Listeria monocytogenes (Lm) is a bacterium that causes a food-borne illness, the Listeriosis. Typing studies using Multi Locus Sequence Typing (MLST) reveal that most strains are gathered into few major Clonal Complexes (CCs) that account for a majority of human cases worldwide. CC language is harmonized internationally and provides crucial information on strain virulence. To date, the CC identification is based on sequencing of the strain genome and requires between 3 and 5 days depending on labs. Thus here is a need of a front-line typing method for rapid identification of the major circulating CCs. Such a method would aim at screening the wide amount of food strains collected for surveillance and research purposes.
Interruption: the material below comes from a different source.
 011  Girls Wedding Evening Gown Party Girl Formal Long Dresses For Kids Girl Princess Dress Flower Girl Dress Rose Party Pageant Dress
At European level, the EU Reference Laboratory for Lm, Anses is coordinating a network of 40 National Reference Laboratories (NRLs) in charge, amongst other duties, of Lm monitoring in food products. The ANSES Laboratory for food safety in collaboration with its French and EU partners (technical food centers, NRLs) has developed a new highthroughput real-time PCR assay based on a microfluidic system that enables simultaneous analysis of 39 real-time PCR arrays on 44 strains in one test. This test provides accurate identification of 30 CCs, including the most prevalent CCs recently reported from human cases and food in Europe [1], the serogroup of the strains and subdivision among CCs. This one-day method is suitable for routine analysis and developed for multiplex fast and conventional real time PCR. We describe here (i) its design from a wide panel of 2299 strain genomes from human, food, animal and environment (ii) its validation according to the standard EN-ISO16140 on a various panel of 402 strains whole sequenced and collected from 18 European countries and (iii) its assessment for the typing of nearly thousand field strains collected during monitoring activities. This assay will represent a key tool to assist surveillance laboratories to establish strain relatedness with human clinical strains, during outbreak investigations. Moreover, this test can assist the food sectors in their microbiological management plans to target contamination sources on the production lines. [1]: Painset et al. 2019 Microb. Genom.